The Titans have an opportunity with the No. 22 pick to fill the void left by wide receiver Corey Davis, who signed with the New York Jets during free agency. That’s ultimately what Gang Green Nation decided to do in our writers’ mock draft, selecting Rashod Bateman out of Minnesota.
From Music City Miracles’ Justin Melo:
Bateman would slot in nicely opposite A.J. Brown as a direct replacement for Corey Davis, who departed for the New York Jets in free agency. Bateman would be a natural fit in a Titans offense that puts a premium on yards after the catch. Quarterback Ryan Tannehill has been incredibly productive while taking advantage of Tennessee’s well designed play-action passing game.

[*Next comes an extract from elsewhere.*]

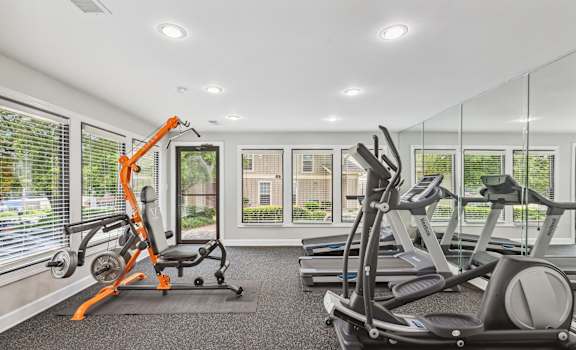 the gym has plenty of exercise equipment and windows at Linden Ridge, Stone Mountain, GA, 30083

Bateman has the skill set to thrive in that area of the game.
There may not be a receiver in this draft who’s more difficult to tackle after the catch than Bateman is. He has great vision with the ball in his hands. He is tough and physical in the open field.
Bateman is an excellent route runner. He has a diverse release package and gets in and out of his breaks smoothly and efficiently. Bateman uses a variety of subtle movements and head fakes to set defensive backs up before revealing his true plan of attack. His natural feel for coverages allows him to find space while working to every area of the field effectively.

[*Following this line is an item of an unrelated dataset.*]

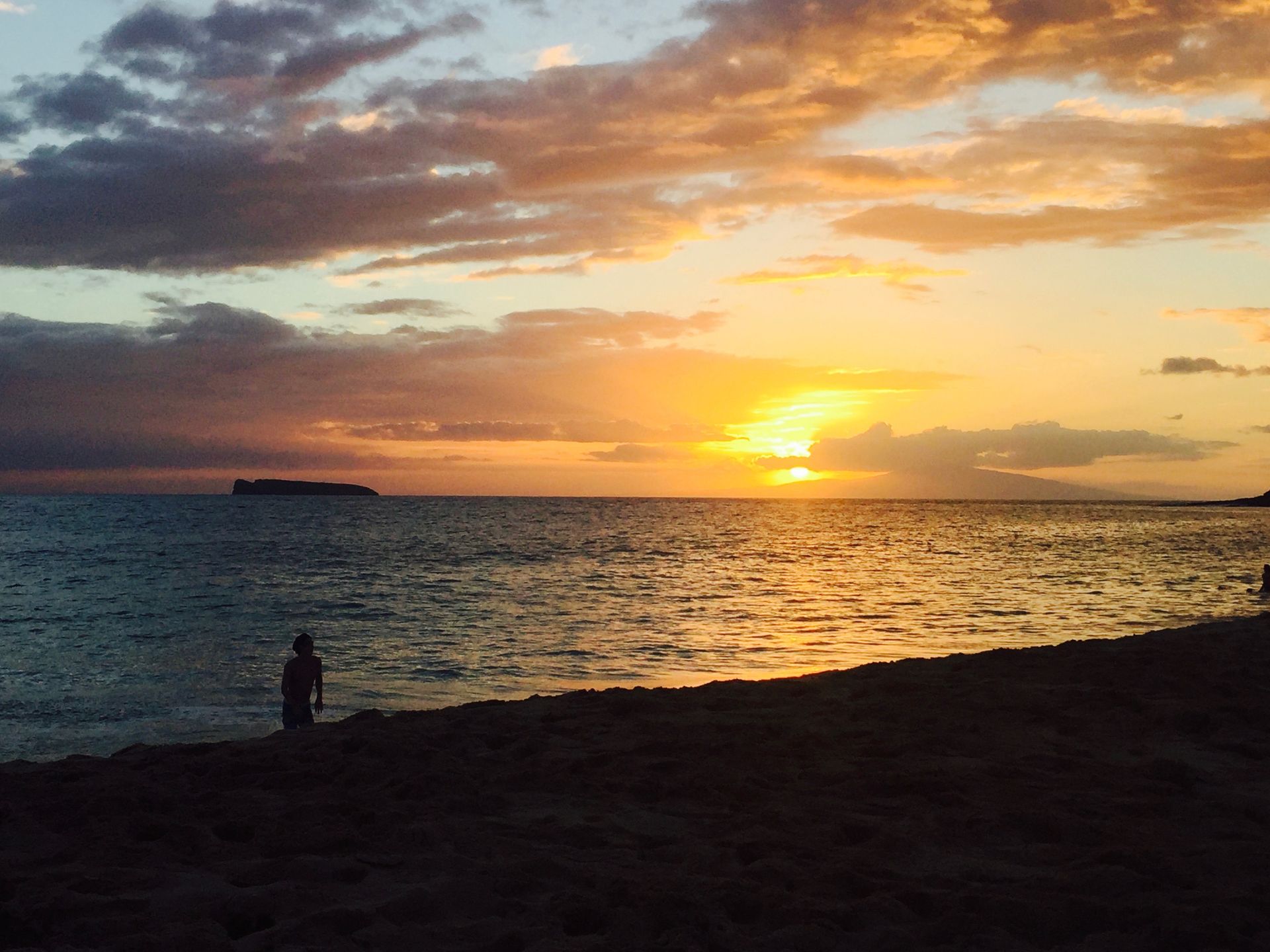 A person stands on a sandy beach at sunset, looking out at the ocean with distant islands on the horizon.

Bateman’s numbers from a truncated Big Ten season in 2020 (472 yards, two touchdowns) don’t necessarily look gaudy, but it’s impossible to gauge how impressive he might have been over the course of a full season. His track record in his freshman and sophomore seasons speaks for itself. Bateman put up 702 yards and six touchdowns as a freshman in 2018 despite being the No. 2 option for Minnesota behind Tyler Johnson. In 2019, with Johnson still a factor, Bateman hauled in 60 catches for 1,219 yards and 11 touchdowns.

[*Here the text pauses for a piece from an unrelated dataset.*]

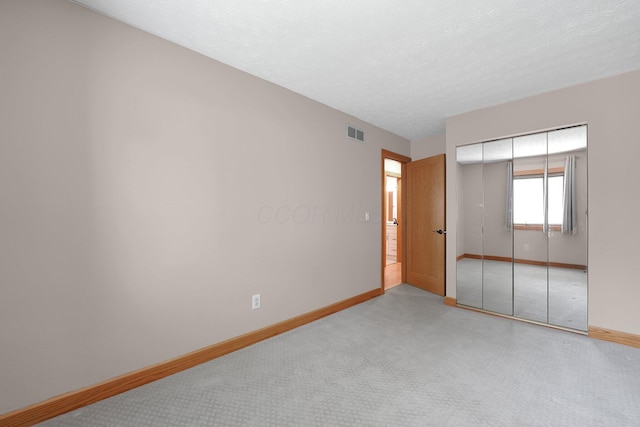 441 Gentlewind Dr, Westerville, OH 43081 - unfurnished bedroom with visible vents, a closet, baseboards, a textured ceiling, and carpet flooring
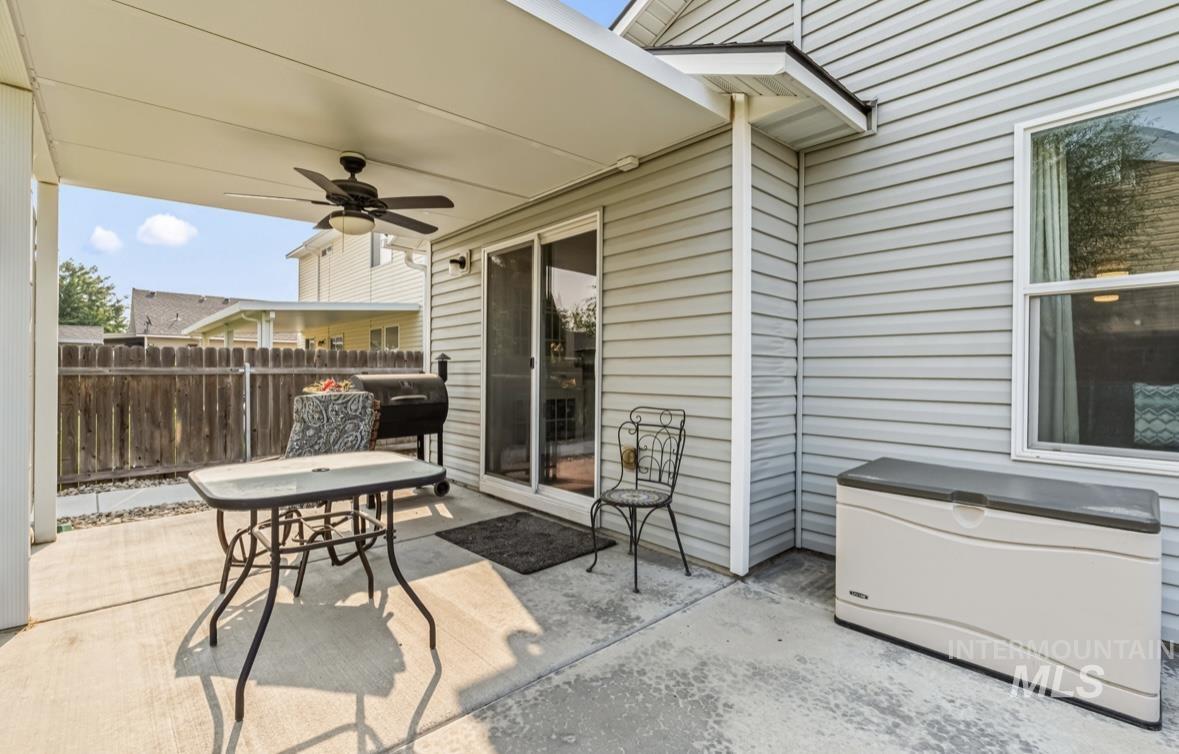 View of patio / terrace featuring a ceiling fan and a grill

Bateman also doesn’t have many weaknesses. One knock on him is that he doesn’t have elite speed — but he ran a 4.39 40-yard dash at his pro day, so that doesn’t seem like a pressing concern. He only played in five games in 2020, so most of his college success came with Johnson on the field drawing attention from defenses. Expecting him to hit the ground running as a WR1 may be too big of an ask. He also didn’t show much as a run blocker, but it’s not unusual for rookies to have to develop that skill at the next level.
The Titans need a player like Bateman, and if the board shakes out similarly during the NFL Draft, it won’t be a shock to see him land there.